| (a) | This Amendment No. 10 is filed by Andreessen Horowitz Fund IV, L.P., a Delaware limited partnership ("AH IV"), AH Parallel Fund IV, L.P., a Delaware limited partnership ("AH Parallel IV"), AH Parallel Fund V, L.P., a Delaware limited partnership ("AH Parallel V"), Andreessen Horowitz LSV Fund I, L.P., a Delaware limited partnership ("AH LSV I"), Andreessen Horowitz LSV Fund III, L.P., a Delaware limited partnership ("AH LSV III"), AH Equity Partners IV, L.L.C., a Delaware limited liability company ("AH Equity IV"), AH Equity Partners IV (Parallel), L.L.C., a Delaware limited liability company ("AH Equity Parallel IV"), AH Equity Partners V (Parallel), L.L.C., a Delaware limited liability company ("AH Equity Parallel V"), AH Equity Partners LSV I, L.L.C., a Delaware limited liability company ("AH Equity LSV I"), AH Equity Partners LSV III, L.L.C., a Delaware limited liability company ("AH Equity LSV III"), Marc Andreessen ("Andreessen") and Benjamin Horowitz ("Horowitz"). The foregoing entities and individuals are collectively referred to herein as the "Reporting Persons."
AH Equity IV is the general partner of AH IV and may be deemed to have sole power to vote and sole power to dispose of shares of the Issuer held of record by AH IV for itself and as nominee for Andreessen Horowitz Fund IV-A, L.P. ("AH IV-A"), Andreessen Horowitz Fund IV-B, L.P. ("AH IV-B"), and Andreessen Horowitz Fund IV-Q, L.P. ("AH IV-Q"). Andreessen and Horowitz are managing members of AH Equity IV and may be deemed to have shared power to vote and shared power to dispose of shares of the Issuer held of record by AH IV for itself and as nominee.

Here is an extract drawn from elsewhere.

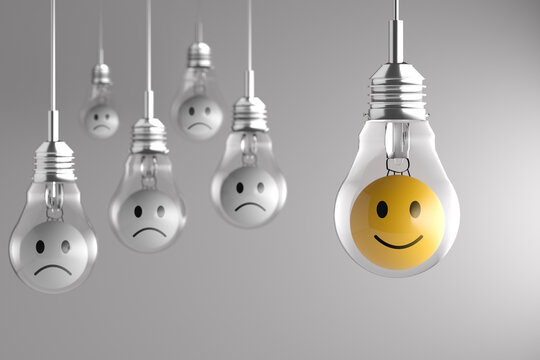 Single yellow happy light bulb among sad white light bulbs hanging from the ceiling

AH Equity Parallel IV is the general partner of AH Parallel IV and may be deemed to have sole power to vote and sole power to dispose of shares of the Issuer held of record by AH Parallel IV for itself and as nominee for AH Parallel Fund IV-A, L.P. ("AH Parallel IV-A"), AH Parallel Fund IV-B, L.P. ("AH Parallel IV-B"), and AH Parallel Fund IV-Q, L.P. ("AH Parallel IV-Q"). Andreessen and Horowitz are managing members of AH Equity Parallel IV and may be deemed to have shared power to vote and shared power to dispose of shares of the Issuer held of record by AH Parallel IV for itself and as nominee.
AH Equity Parallel V is the general partner of AH Parallel V and may be deemed to have sole power to vote and sole power to dispose of shares of the Issuer held of record by AH Parallel V for itself and as nominee for AH Parallel Fund V-A, L.P. ("AH Parallel V-A"), AH Parallel Fund V-B, L.P. ("AH Parallel V-B"), and AH Parallel Fund V-Q, L.P. ("AH Parallel V-Q"). Andreessen and Horowitz are managing members of AH Equity Parallel V and may be deemed to have shared power to vote and shared power to dispose of shares of the Issuer held of record by AH Parallel V for itself and as nominee.
AH Equity LSV I is the general partner of AH LSV I and may be deemed to have sole power to vote and sole power to dispose of shares of the Issuer held of record by AH LSV I for itself and as nominee for Andreessen Horowitz LSV Fund I-B, L.P. ("AH LSV I-B") and Andreessen Horowitz LSV Fund I-Q, L.P. ("AH LSV I-Q"). Andreessen and Horowitz are managing members of AH Equity LSV I and may be deemed to have shared power to vote and shared power to dispose of shares of the Issuer held of record by AH LSV I for itself and as nominee.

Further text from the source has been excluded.